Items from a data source
_ _ _ _ _
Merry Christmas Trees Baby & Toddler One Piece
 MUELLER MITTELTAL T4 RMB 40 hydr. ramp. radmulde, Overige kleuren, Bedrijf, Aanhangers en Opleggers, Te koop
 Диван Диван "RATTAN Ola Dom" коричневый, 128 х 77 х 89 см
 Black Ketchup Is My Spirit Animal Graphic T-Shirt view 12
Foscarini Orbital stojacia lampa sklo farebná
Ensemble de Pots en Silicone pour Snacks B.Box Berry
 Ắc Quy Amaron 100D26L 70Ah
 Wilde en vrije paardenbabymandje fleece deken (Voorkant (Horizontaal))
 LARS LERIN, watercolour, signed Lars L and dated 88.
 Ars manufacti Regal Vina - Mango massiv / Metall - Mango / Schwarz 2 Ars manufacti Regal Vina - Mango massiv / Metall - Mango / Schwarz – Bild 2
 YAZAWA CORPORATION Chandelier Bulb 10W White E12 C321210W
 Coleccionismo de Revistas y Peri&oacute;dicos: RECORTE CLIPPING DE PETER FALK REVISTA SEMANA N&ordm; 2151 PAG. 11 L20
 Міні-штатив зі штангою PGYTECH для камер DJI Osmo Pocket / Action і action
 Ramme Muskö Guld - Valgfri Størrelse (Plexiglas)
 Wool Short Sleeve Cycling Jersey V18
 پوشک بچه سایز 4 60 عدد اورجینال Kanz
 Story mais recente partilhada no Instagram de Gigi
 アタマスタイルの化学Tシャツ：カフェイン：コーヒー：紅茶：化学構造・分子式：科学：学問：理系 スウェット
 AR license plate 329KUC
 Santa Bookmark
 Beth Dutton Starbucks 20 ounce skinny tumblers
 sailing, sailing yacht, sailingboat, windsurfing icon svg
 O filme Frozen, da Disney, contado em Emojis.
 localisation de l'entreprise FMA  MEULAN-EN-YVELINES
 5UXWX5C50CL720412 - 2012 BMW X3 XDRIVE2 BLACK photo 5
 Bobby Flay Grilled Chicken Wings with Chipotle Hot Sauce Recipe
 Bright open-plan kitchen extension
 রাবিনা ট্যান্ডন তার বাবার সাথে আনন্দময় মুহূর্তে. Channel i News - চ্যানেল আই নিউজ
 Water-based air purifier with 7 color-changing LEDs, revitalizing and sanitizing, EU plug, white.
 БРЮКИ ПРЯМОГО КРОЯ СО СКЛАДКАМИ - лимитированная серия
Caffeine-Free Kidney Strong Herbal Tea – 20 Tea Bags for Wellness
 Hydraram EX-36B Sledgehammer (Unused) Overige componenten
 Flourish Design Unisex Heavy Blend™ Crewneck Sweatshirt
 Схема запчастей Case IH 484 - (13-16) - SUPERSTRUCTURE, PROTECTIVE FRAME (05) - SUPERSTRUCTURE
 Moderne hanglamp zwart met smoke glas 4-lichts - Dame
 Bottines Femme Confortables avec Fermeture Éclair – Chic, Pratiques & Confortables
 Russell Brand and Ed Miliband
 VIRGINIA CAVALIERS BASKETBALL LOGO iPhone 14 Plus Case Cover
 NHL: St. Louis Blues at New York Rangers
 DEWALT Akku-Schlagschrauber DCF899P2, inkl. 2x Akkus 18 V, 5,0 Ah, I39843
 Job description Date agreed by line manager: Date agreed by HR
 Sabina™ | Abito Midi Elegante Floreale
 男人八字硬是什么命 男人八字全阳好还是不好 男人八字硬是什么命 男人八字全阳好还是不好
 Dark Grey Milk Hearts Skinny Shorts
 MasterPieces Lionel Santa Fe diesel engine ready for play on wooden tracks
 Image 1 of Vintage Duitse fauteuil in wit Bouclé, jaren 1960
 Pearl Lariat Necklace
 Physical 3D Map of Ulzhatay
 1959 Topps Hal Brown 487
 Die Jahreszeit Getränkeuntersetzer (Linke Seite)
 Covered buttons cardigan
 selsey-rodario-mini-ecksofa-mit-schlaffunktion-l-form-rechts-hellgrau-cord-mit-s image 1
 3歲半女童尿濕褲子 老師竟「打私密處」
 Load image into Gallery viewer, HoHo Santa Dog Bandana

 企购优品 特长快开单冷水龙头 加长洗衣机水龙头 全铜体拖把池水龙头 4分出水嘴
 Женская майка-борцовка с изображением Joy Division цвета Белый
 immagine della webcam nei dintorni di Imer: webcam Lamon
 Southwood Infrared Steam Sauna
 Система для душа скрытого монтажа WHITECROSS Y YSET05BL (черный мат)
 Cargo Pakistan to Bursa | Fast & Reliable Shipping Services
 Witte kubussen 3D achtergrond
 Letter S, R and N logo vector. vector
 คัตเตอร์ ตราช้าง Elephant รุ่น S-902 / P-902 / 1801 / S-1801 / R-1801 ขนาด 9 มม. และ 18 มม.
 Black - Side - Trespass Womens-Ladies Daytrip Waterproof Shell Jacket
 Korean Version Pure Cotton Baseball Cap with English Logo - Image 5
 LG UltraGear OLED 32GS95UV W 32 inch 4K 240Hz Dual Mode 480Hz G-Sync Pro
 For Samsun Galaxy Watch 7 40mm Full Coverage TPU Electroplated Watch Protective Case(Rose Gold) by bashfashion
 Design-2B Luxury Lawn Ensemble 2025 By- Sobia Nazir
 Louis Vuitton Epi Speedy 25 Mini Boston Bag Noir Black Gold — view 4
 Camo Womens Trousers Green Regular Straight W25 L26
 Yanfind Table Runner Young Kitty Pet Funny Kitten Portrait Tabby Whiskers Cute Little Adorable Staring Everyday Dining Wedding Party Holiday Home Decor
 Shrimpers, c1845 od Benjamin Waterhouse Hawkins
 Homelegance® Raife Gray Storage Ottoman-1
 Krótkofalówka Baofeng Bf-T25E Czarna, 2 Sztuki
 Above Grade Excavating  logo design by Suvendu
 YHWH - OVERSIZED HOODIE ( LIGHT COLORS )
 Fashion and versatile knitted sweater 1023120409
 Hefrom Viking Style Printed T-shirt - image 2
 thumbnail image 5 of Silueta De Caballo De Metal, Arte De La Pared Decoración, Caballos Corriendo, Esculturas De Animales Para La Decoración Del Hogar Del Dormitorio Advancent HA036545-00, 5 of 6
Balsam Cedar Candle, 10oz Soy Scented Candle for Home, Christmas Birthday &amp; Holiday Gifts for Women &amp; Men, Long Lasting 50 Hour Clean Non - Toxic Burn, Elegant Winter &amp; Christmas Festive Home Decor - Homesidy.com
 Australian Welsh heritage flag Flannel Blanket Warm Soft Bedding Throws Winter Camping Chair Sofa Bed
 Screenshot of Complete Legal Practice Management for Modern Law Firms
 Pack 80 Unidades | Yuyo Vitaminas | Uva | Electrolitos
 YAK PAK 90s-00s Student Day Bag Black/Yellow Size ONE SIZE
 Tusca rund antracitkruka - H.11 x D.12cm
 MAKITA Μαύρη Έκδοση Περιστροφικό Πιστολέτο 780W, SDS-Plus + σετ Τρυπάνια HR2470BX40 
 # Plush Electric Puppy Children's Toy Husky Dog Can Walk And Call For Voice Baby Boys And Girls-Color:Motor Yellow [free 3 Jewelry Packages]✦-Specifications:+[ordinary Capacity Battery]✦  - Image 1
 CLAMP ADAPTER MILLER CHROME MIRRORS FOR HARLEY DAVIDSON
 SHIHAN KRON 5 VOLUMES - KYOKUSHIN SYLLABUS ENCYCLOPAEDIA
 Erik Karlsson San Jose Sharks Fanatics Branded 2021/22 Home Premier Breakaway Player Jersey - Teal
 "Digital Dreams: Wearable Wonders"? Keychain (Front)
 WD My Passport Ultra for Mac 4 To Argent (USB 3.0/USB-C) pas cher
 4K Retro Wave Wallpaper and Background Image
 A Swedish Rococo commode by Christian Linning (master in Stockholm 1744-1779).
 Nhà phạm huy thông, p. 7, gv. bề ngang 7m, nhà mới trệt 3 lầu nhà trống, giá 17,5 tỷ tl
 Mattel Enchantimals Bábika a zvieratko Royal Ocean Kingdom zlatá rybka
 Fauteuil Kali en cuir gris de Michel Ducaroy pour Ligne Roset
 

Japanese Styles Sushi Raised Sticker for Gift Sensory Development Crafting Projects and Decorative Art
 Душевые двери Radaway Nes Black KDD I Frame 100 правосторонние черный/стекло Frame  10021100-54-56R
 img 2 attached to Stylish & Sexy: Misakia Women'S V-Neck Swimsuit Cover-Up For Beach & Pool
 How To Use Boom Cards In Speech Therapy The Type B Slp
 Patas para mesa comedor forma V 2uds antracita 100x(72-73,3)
_ _ _ _ _
• [PROBLEM] Pull every line with the word "Louis" from the data.

• [RESULT OF THIS TASK]
 NHL: St. Louis Blues at New York Rangers
 Louis Vuitton Epi Speedy 25 Mini Boston Bag Noir Black Gold — view 4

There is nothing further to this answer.